PROBLEM TO SOLVE :: Output every record precisely.

(Records from a collection)
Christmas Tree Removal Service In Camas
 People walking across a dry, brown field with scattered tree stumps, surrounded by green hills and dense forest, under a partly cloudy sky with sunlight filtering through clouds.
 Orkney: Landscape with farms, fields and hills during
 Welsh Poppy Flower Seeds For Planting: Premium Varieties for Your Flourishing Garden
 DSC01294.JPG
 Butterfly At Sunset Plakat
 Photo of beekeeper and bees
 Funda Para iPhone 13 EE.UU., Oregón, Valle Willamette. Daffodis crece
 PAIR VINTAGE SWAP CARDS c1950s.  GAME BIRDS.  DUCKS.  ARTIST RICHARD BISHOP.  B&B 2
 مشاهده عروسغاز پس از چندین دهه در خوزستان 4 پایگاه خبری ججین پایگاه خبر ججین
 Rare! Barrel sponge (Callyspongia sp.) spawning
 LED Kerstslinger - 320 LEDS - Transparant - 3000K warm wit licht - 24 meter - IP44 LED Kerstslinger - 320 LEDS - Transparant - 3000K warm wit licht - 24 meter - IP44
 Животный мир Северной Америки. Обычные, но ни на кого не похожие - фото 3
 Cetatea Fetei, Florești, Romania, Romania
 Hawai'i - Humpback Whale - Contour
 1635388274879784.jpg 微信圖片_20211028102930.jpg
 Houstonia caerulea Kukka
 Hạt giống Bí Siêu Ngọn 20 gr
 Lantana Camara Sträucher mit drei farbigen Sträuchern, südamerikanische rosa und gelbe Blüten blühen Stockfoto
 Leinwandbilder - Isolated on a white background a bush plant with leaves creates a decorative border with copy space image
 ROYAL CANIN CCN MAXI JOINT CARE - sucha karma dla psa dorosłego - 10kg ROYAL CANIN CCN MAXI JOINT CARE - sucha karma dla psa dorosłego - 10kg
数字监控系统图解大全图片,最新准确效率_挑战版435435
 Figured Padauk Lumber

TASK ANSWER ::
Christmas Tree Removal Service In Camas
 People walking across a dry, brown field with scattered tree stumps, surrounded by green hills and dense forest, under a partly cloudy sky with sunlight filtering through clouds.
 Orkney: Landscape with farms, fields and hills during
 Welsh Poppy Flower Seeds For Planting: Premium Varieties for Your Flourishing Garden
 DSC01294.JPG
 Butterfly At Sunset Plakat
 Photo of beekeeper and bees
 Funda Para iPhone 13 EE.UU., Oregón, Valle Willamette. Daffodis crece
 PAIR VINTAGE SWAP CARDS c1950s.  GAME BIRDS.  DUCKS.  ARTIST RICHARD BISHOP.  B&B 2
 مشاهده عروسغاز پس از چندین دهه در خوزستان 4 پایگاه خبری ججین پایگاه خبر ججین
 Rare! Barrel sponge (Callyspongia sp.) spawning
 LED Kerstslinger - 320 LEDS - Transparant - 3000K warm wit licht - 24 meter - IP44 LED Kerstslinger - 320 LEDS - Transparant - 3000K warm wit licht - 24 meter - IP44
 Животный мир Северной Америки. Обычные, но ни на кого не похожие - фото 3
 Cetatea Fetei, Florești, Romania, Romania
 Hawai'i - Humpback Whale - Contour
 1635388274879784.jpg 微信圖片_20211028102930.jpg
 Houstonia caerulea Kukka
 Hạt giống Bí Siêu Ngọn 20 gr
 Lantana Camara Sträucher mit drei farbigen Sträuchern, südamerikanische rosa und gelbe Blüten blühen Stockfoto
 Leinwandbilder - Isolated on a white background a bush plant with leaves creates a decorative border with copy space image
 ROYAL CANIN CCN MAXI JOINT CARE - sucha karma dla psa dorosłego - 10kg ROYAL CANIN CCN MAXI JOINT CARE - sucha karma dla psa dorosłego - 10kg
数字监控系统图解大全图片,最新准确效率_挑战版435435
 Figured Padauk Lumber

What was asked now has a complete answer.